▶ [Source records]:
# # # #

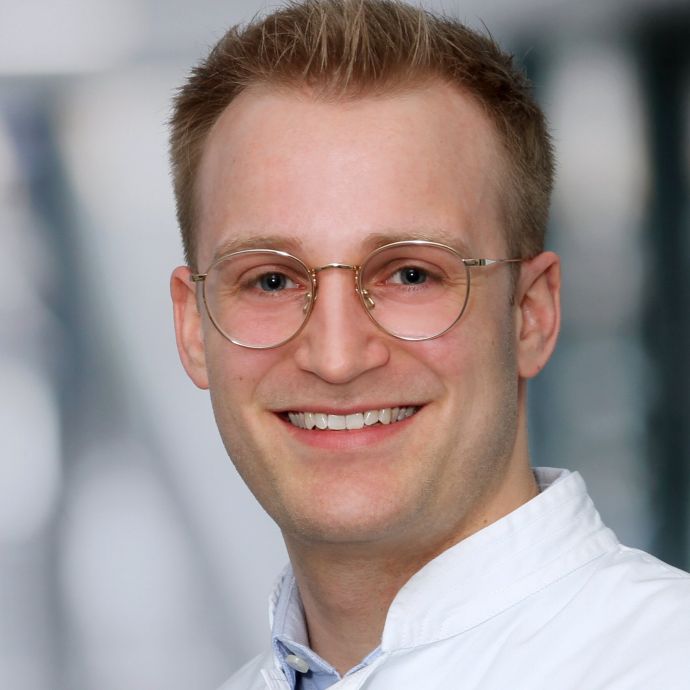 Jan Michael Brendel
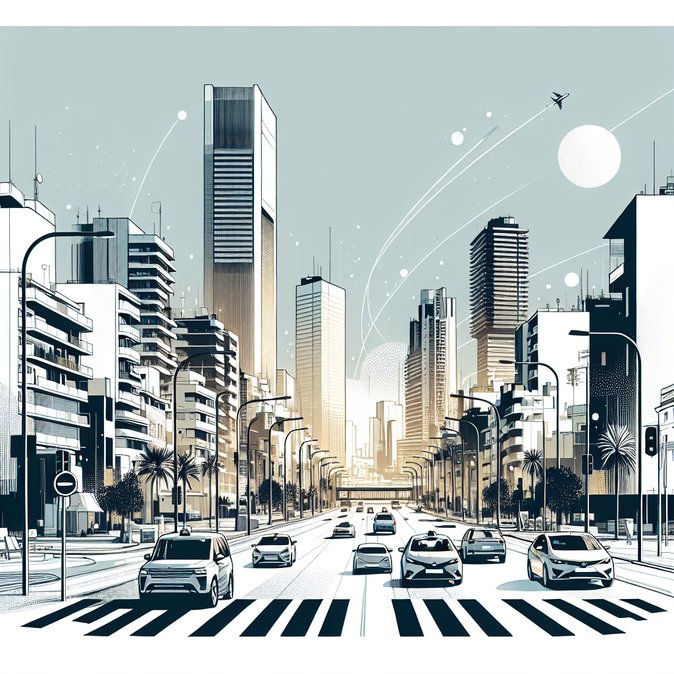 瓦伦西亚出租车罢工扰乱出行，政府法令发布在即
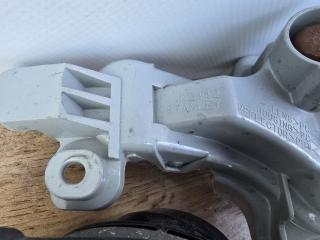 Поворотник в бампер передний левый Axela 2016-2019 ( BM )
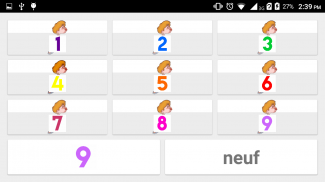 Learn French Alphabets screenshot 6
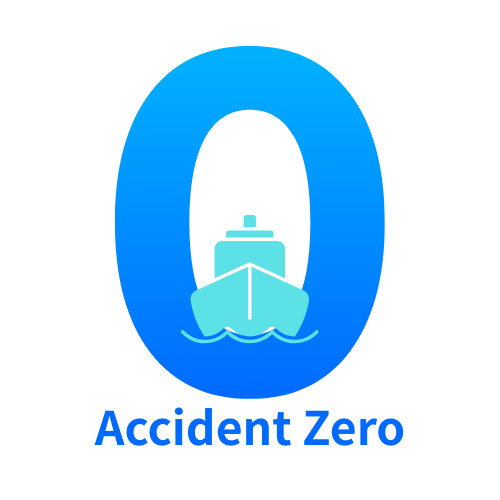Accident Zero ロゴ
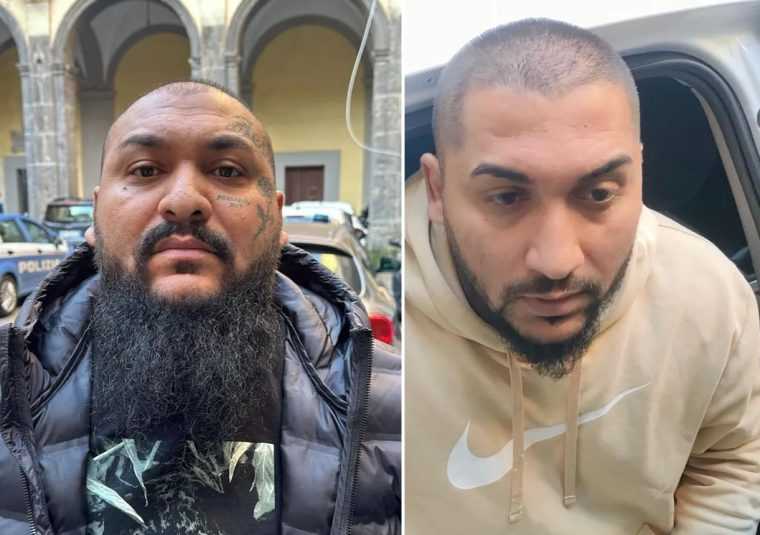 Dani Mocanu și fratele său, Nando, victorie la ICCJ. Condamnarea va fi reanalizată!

# # # #

▶ [To do]:
Restate word for word the lines running from the one with "Learn French Alphabets screenshot 6" to the end of the entries; pictures are to be left out.

▶ [Answer section]:
 Learn French Alphabets screenshot 6
Accident Zero ロゴ
 Dani Mocanu și fratele său, Nando, victorie la ICCJ. Condamnarea va fi reanalizată!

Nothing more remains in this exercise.